Tuesday, March 18, 2014

Interview: Sarah Howe and Fran Lock

Poets Sarah Howe and Fran Lock were in Cambridge in February to read at CB1 Poetry at The Boathouse. I caught up with them for a chat before their reading.

What will you be reading tonight?

SH: Poems about China mostly, and coelacanths.

FL: I’ve got eating imperfectly cooked hedgehog, some dogs and a poem in which my grandfather is a unicorn (see below.)

Fran Lock: Poetry is where I splurge my emotional incontinence.

How much of your work is drawn from personal experience?

FL: Most of my stuff tends to have a basis in personal experience. Either that or I just plagiarise or cannibalise the lives of my family because they are deeply amusing, to me any way.

Presumably your poems about China are from personal experience?


SH: I guess they are a mixture of personal experience, family history, lots of my mum in there but also lots of obscure bits of history books that have just nabbed my attention.

I grew up in Hong Kong but then moved to England when I was 8. I’m going to read a longer poem tonight which is about that move. It’s called Crossing From Guangdong. My mother was born in Guangdong province in 1948 and fled from mainland China to Hong Kong with her adoptive mother when she was a baby. The poem’s about two crossing. The crossing she made as a refugee from the communists and the crossing I made to this side of the world when I was small.


Sarah Howe: Being mixed race I’ve found lots of ways of writing about things that are a bit hybrid or mixed up.

What about your new collections?

SH: Mine’s not due out until next summer so it feels like a distant dream. I periodically wake up in cold sweats thinking my publisher might stop publishing poetry. It doesn’t have a title yet. I’ve been thinking of calling it A Loop Of Jade but it is as yet unlabelled.

FL: Mine’s called The Mystic And The Pig Thief and it should be out in May. I’ve finished my involvement and now I’m in a limbo where I keep thinking maybe it isn’t going to happen and I’ve just dreamt the whole thing and I’m going to wake up like in The Wizard of Oz. It will feature uncooked hedgehogs and dogs in circus hats as well as lots of poems about my granddad and Ireland.

My granddad’s a legend, his legend looms large in all our lives. He’s a character, is the polite way of putting it. He doesn’t care about poetry or anything that isn’t Irish folk music but I think I have my sense of humour from him and his way of looking at the world and that flamboyant largesse which I bring to poetry that some people like and some find slightly repellant. It’s his excess that comes out in a lot of the stuff.

Who has influenced your poetry, Sarah?


SH: I was going to read a poem tonight, part of its title is After Ashbery (see below.) He’s been really important to me.
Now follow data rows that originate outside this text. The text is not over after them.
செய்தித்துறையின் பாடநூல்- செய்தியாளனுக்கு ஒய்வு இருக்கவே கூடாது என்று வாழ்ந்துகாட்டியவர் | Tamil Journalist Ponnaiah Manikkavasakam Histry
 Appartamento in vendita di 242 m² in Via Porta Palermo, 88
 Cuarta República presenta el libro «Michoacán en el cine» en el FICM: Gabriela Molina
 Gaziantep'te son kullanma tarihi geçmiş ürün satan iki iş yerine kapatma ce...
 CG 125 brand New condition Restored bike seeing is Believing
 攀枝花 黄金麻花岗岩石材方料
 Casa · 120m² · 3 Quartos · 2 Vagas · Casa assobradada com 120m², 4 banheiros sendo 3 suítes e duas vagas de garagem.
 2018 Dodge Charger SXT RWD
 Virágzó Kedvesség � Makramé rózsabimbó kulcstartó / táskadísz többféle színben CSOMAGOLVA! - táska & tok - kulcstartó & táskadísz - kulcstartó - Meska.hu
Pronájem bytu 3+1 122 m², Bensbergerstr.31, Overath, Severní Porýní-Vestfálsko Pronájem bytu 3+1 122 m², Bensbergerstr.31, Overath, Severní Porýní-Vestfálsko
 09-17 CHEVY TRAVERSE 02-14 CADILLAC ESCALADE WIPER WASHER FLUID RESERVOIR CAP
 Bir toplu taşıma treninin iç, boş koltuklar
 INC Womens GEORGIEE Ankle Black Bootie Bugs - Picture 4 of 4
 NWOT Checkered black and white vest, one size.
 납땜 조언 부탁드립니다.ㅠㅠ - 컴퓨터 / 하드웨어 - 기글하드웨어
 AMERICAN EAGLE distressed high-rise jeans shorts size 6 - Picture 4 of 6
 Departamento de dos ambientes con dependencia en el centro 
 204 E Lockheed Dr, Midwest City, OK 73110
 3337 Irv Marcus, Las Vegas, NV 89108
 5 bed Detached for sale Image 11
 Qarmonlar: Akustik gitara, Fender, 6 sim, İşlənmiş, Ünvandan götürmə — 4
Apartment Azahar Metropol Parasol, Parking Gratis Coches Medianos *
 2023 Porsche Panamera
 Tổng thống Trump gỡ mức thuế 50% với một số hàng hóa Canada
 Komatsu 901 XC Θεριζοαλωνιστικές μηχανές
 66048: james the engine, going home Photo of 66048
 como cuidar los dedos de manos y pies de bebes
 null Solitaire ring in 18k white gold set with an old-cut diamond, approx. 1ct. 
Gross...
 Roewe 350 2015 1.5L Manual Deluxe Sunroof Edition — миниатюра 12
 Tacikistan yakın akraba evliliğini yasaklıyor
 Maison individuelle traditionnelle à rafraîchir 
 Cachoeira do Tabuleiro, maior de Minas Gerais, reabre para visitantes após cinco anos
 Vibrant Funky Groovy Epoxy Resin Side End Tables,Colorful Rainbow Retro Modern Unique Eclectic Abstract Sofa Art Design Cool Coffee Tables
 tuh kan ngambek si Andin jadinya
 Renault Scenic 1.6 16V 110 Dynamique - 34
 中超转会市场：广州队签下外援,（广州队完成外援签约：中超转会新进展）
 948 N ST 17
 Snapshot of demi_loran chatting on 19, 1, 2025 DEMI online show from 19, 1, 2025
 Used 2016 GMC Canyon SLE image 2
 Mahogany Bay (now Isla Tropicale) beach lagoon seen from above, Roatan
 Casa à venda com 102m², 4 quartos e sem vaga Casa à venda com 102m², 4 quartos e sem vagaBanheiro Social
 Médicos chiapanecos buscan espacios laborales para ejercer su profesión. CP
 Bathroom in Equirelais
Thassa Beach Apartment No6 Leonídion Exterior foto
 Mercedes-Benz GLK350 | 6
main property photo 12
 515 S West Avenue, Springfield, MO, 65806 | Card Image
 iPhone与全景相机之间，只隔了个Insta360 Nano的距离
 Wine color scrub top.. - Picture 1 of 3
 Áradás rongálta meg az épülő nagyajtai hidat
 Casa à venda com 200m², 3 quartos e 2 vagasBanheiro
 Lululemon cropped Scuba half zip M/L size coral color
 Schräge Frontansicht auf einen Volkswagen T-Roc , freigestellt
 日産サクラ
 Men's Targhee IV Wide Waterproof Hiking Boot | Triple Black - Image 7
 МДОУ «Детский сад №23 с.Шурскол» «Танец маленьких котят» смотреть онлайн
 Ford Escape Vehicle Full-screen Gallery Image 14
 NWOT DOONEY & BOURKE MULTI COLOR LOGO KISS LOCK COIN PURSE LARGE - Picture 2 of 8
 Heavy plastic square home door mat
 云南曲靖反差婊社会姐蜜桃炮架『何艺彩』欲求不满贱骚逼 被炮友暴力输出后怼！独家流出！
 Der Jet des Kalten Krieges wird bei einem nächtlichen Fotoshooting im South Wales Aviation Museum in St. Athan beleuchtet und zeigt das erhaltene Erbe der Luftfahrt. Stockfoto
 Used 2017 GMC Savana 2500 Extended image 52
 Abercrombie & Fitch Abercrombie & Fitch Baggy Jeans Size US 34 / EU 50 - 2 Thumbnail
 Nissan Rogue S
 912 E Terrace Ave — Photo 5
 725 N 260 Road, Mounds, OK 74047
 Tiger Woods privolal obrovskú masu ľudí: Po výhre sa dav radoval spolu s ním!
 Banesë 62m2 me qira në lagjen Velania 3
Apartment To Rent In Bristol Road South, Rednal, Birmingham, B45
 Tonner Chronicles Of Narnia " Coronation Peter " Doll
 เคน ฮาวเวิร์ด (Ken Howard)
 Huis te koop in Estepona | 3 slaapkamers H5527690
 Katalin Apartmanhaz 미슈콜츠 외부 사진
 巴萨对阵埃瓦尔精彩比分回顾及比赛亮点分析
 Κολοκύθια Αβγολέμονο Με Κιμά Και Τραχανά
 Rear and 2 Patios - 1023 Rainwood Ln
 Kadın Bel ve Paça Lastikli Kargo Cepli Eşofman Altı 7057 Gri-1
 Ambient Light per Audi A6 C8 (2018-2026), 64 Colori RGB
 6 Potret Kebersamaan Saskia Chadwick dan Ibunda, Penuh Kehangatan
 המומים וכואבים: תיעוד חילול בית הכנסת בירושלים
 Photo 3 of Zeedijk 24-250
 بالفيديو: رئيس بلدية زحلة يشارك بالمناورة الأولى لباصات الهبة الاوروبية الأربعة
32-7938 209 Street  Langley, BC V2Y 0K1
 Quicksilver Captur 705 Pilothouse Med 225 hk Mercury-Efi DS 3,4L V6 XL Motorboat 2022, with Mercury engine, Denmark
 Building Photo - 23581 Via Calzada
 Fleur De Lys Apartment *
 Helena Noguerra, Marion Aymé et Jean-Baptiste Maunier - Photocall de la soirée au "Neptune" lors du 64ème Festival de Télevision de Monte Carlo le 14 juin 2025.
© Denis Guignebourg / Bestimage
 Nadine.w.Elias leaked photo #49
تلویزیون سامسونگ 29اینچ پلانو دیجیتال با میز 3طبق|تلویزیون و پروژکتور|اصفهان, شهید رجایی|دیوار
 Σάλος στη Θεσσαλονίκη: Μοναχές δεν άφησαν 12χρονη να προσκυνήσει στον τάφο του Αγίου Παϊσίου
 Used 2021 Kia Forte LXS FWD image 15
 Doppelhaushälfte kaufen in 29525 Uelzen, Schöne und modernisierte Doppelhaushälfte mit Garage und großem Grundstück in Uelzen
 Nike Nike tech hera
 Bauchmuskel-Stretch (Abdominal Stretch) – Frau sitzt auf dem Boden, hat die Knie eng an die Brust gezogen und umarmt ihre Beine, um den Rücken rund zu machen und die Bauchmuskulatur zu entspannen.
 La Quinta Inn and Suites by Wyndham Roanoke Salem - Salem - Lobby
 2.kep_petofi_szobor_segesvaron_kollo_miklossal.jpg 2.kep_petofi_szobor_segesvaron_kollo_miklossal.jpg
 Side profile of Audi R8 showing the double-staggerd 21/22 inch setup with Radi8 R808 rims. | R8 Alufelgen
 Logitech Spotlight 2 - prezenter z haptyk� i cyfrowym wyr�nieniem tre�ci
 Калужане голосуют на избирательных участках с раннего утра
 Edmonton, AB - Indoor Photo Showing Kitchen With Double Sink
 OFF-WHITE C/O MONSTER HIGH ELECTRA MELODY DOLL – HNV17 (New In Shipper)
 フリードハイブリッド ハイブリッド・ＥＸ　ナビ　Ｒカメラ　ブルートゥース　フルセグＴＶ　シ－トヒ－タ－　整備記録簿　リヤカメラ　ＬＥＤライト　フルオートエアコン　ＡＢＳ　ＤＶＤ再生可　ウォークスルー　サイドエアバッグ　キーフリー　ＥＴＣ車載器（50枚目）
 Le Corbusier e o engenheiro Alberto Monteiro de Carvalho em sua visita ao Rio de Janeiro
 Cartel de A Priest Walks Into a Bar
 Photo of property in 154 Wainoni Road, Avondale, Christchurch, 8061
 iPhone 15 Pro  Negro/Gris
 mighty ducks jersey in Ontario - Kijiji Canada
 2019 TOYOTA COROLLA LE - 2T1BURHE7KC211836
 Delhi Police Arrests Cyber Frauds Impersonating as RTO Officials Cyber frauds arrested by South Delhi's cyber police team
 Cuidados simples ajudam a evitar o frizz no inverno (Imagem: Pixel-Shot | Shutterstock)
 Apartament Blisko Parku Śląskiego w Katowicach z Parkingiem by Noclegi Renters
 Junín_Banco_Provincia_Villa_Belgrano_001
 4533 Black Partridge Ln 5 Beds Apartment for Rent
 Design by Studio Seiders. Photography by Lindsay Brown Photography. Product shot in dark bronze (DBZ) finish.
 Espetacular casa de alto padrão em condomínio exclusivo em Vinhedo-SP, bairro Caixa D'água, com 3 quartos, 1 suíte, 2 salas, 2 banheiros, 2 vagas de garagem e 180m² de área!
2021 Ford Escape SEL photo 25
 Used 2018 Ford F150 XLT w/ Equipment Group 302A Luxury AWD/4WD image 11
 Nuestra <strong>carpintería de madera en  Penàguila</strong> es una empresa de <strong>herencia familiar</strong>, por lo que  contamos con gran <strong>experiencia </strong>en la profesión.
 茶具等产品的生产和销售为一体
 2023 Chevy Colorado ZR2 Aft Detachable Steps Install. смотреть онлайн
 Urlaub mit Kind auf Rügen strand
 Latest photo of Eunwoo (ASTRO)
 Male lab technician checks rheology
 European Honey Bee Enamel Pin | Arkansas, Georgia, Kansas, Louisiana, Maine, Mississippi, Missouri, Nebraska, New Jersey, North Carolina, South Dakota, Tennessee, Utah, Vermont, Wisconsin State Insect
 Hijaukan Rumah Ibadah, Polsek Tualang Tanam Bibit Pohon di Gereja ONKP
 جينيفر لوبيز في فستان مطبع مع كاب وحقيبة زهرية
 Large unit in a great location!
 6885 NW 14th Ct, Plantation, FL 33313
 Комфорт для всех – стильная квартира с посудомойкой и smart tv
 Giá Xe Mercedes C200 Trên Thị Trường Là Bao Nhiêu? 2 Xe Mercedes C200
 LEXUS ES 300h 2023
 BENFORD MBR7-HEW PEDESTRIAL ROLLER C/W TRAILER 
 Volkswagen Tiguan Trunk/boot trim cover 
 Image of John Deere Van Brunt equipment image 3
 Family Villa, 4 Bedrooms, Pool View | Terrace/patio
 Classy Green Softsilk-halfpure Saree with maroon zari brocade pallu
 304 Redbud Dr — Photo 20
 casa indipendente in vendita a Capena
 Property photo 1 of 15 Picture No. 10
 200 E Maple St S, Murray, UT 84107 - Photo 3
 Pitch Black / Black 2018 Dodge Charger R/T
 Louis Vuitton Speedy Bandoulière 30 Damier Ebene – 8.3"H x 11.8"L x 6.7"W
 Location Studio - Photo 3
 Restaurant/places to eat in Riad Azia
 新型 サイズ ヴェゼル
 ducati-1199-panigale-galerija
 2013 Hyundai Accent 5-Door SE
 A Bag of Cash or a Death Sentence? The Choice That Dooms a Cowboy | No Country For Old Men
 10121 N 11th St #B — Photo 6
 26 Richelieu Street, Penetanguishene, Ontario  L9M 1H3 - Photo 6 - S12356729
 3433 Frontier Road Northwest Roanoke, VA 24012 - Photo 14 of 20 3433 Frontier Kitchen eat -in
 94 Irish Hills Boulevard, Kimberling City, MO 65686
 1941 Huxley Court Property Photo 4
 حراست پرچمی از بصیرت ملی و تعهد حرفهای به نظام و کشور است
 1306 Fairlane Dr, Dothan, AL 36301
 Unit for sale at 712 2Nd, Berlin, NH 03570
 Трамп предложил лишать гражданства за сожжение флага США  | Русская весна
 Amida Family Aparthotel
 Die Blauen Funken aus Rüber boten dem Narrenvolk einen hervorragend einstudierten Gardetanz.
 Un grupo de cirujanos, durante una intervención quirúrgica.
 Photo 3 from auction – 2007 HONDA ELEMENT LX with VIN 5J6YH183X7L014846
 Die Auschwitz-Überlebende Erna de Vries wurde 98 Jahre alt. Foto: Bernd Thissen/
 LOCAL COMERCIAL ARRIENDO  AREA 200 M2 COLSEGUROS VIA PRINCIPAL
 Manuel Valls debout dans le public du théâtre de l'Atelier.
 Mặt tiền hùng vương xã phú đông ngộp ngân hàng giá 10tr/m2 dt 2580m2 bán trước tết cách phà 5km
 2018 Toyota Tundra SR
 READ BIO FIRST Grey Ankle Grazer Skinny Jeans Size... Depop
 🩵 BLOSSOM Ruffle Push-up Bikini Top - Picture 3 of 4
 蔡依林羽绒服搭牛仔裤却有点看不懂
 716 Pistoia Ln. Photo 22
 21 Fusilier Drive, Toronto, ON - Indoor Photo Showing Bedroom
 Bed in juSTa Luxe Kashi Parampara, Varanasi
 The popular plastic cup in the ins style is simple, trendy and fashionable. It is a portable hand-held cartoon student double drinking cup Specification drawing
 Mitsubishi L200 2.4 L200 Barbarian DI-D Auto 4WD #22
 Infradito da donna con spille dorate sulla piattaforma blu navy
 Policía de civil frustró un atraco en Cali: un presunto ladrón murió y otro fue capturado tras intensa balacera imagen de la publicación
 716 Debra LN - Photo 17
Quite a few of the poems in the collection are kind of abstract in the manner that Ashbery is abstract. I’m quite interested in that and the relationship between his work and abstract paintings.

What are the main themes of your work?

FL: Mostly dogs and personal trauma that I feel the need to exorcise and also just laughing at my family. I’m not really from a family or a culture that believes in keeping things to ourselves with any sort of tact or restraint. Poetry is where I splurge my emotional incontinence.

SH: The relationship between the past and present and what survives and what lingers, what traces there are and what gets destroyed and obliterated. Also hybridity. Being mixed race I’ve found lots of ways of writing about things that are a bit hybrid or mixed up.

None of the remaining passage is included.